Last week, on retreat up in
the North woods, I was reading a book about Albert Schweitzer. I was reading
the manuscript; it hadn’t been in print yet. It mentioned in the book that
Albert Schweitzer had an enormous enthusiasm for another young doctor, who
happened to be a Notre Dame graduate, who did what he did--- dropped all of the
wonderful opportunities in life to be a great theologian, a concert organist, a
great doctor and buried himself in service to the poorest of the poor on a
turgid Yellow River in Gabon, of all places, in French Equatorial Africa. And
spent 40 years of his life there, serving the poor, to give evidence of his
reverence for life. And he had a great administration who was a Notre Dame man,
Dr. Dooley. And if you, you may have been down by the Grotto, you’d see that
we’d just put up a statute, put up by the St. Louis Club in honor of Dr. Dooley
and his sacrificial life of 34 years. He died after his 34th
birthday. And I was wondering, as we talked about that statue and that
memorial, where are the Dr. Dooleys of today?
And you know, the woods are full of them. Just a few weeks ago, I got a letter from a Notre Dame alumnus of
2 years ago. His name is Dame, I
dropped his last name. And he wrote me
from Ecuador where he was working in an enormous orphanage of 4 thousand
shoeshine kids in Ecuador, in Quito.
And he said, “I’m an accountant, and I came down here. You helped me get this job; and I have
worked for nothing for 2 years. And
I’ve come to know the people, and I spend every weekend with a family of one of
our kids in the orphanage.” And he
said, they have an enormous lack of medicine.
They don’t see a doctor from the day they are born to the day they die,
and they are poor.” And he said, “I’m
so struck by this, that he said, “I’m going to have to take math and science 2
solid years of that.” And then I’m
going to get in my state medical school, he happens to come from Wisconsin, and
I am going to become a doctor and then I’m coming back here and spend the rest
of my life serving the poor of South America.
Dooley, all over again—the contagion of good example.
The fact that over 60 of our
graduates this year just said “we’ll give a year or two of our lives anywhere
in the world to help the poor.” The
fact that 2,000 of the students in our undergraduate body, give anywhere from
4-5 to 20 hours a week to help the poor around this area tutoring, big
brother/big sister, care for the old, sit with the dying, put up screens for
the people who can’t put them up for themselves, helping Mongoloid children in
the nearby hospital, which we literally run with student-volunteer help,
looking out for minority students who are about to drop out of school and
giving them the lessons they need to stay in school, and the motivation.

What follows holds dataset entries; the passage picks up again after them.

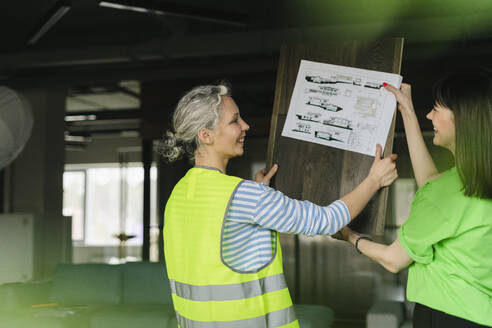 Frau und Ingenieurin halten gemeinsam einen Bauplan im Büro - SEAF01667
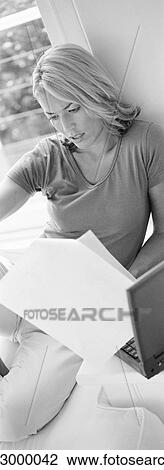 Woman lounging, looking at documents near laptop, b&w, vertical View Large Photo Image Stock Image - Woman lounging, looking at documents near laptop, b&w, vertical. Fotosearch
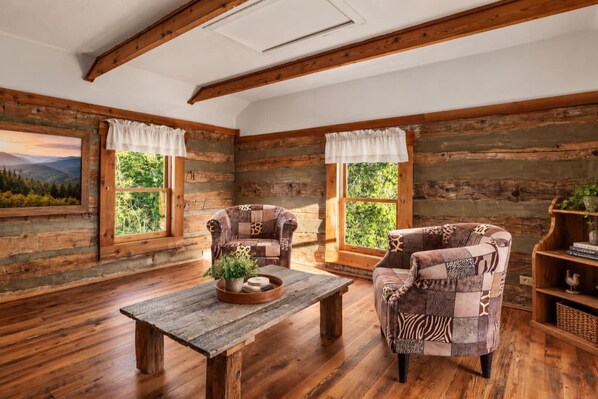 A rustic cabin interior with wooden walls, two upholstered chairs, a wooden table with a plant, and a bookshelf.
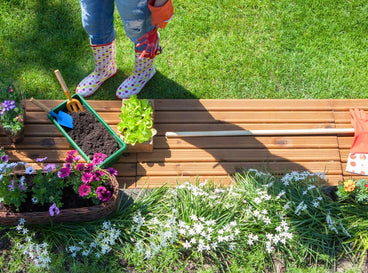 An overhead shot of a person getting ready for March garden tasks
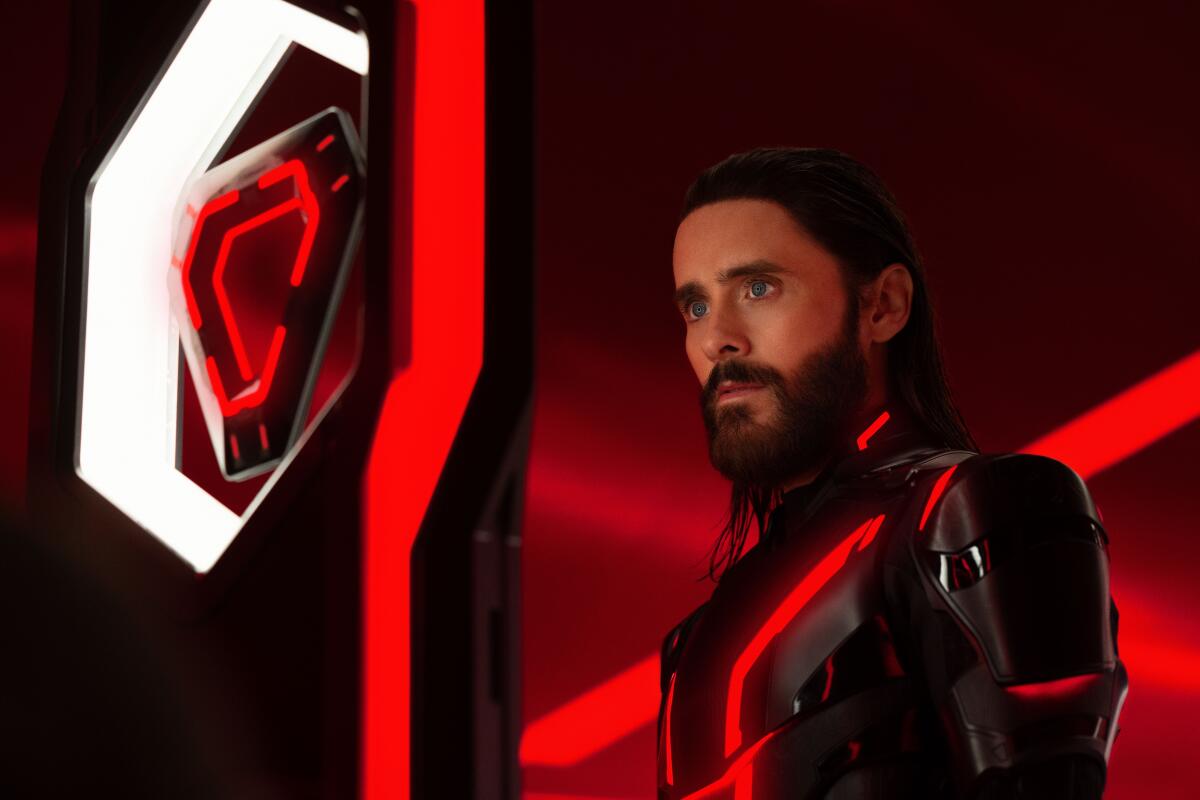 杰瑞德·莱托 (Jared Leto) 身穿未来派紧身衣,看着一个漂浮的三角形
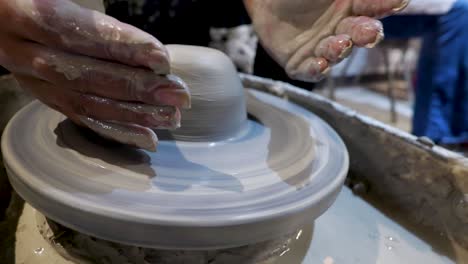 overhead close view of an african american hands spinning clay very sporadically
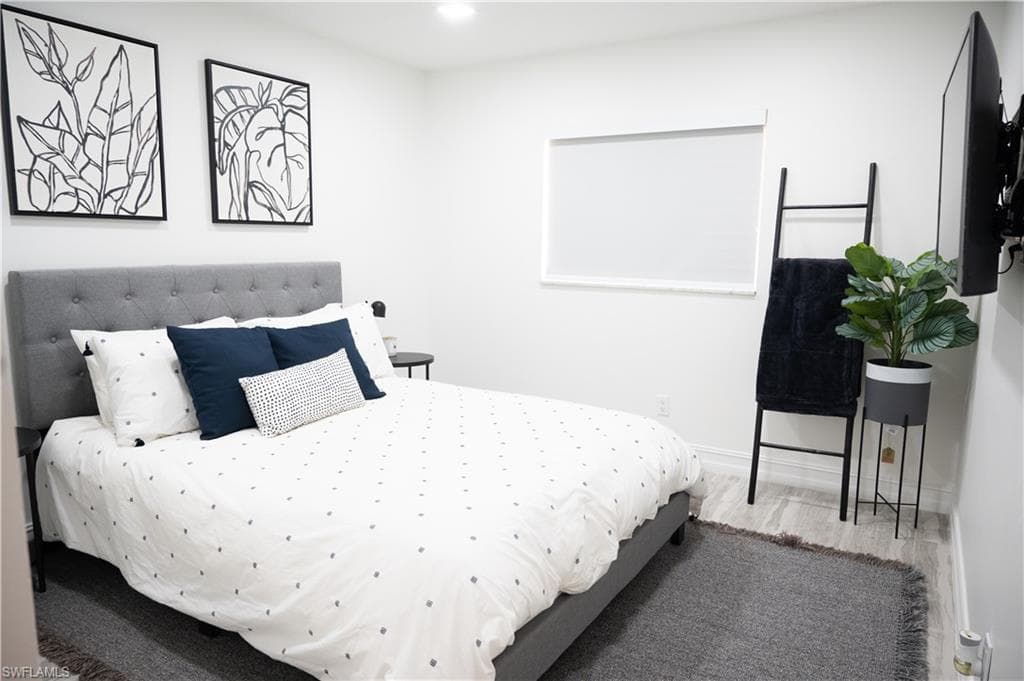 Bedroom with wood finished floors and recessed lighting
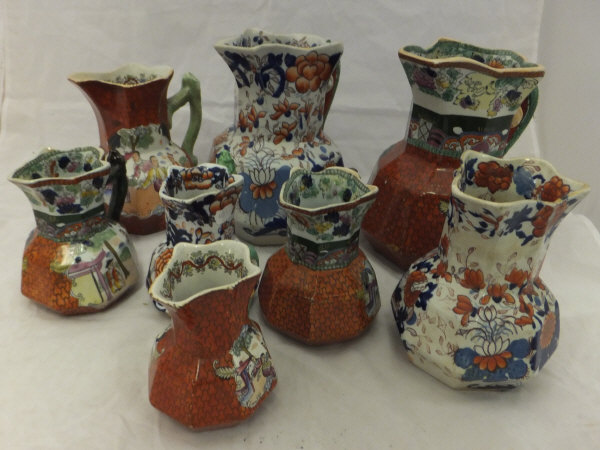 A collection of five ironstone red scale hydra jugs,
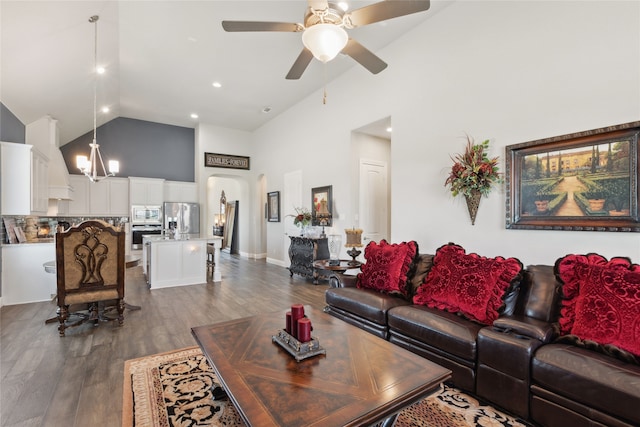 living room featuring dark hardwood / wood-style floors, ceiling fan, and high vaulted ceiling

That kind of spirit, to me, is what makes
this place different.
Last week I had a very
distinguished clergyman from Europe on the campus. His name is Jean-Marie Cardinal Lustiger, the Archbishop from
Paris. And he was intrigued by the fact
that in America there was a school called Notre Dame, which was the name of his
cathedral. He’s an interesting
fellow. He is Polish by birth; he was a
refugee to France during the war. His
father and mother were killed in concentration camps. He was Jewish, became a Catholic, became a priest, and now he is
the Cardinal Archbishop of Paris, and he was born in Poland. I just walked him around the campus, because
most Europeans have no idea of what goes on in an American university. And most of their universities, you can put
them all together and they can fit in a stadium. But anyway, I just walked him around, and in the course of
walking him around, we winded through the church, because I wanted to show Mr.
Vinci’s famous statue. And there we
found a bunch of kids praying before the Blessed Sacrament. It happened to be First Friday. I walked him down on the Grotto at 3 in the
afternoon, on a Wednesday. Here was a
bunch of kids drifting by, stopping to pray at the Grotto.
One of our co-eds came
steaming in. She’d been running six
miles around the lake twice. She was
sweat from head to foot. She was not
all that attractive, I must say; no sweating person is. But, in any event, I grabbed her and I said,
“Come on over here, I want you to meet the Cardinal Archbishop of Paris. And I introduced her to the rather staid,
European Cardinal. And I said, “Tell
him what you came here for.” He and I
were taking in French and I put it in English to her. And she said, what else do you come here for? You come here to pray.” And all he could say is “Mon Dieu.” “My God,” because he’d never seen anything
like that in France, at least, not along the Seine. Well, we went to the
library, and he met some students there.
We then went over to our Alumni Board and Senate meeting. And it was five in the afternoon on a
Wednesday evening, and they were all set up for a mass in the auditorium of the
CCE. And again, it knocked his eye out
that here as these alumni presidents from hundred and almost 200 clubs across
the land from all ages, all classes, like here this afternoon, and here they
are celebrating mass together and he just couldn’t get over it.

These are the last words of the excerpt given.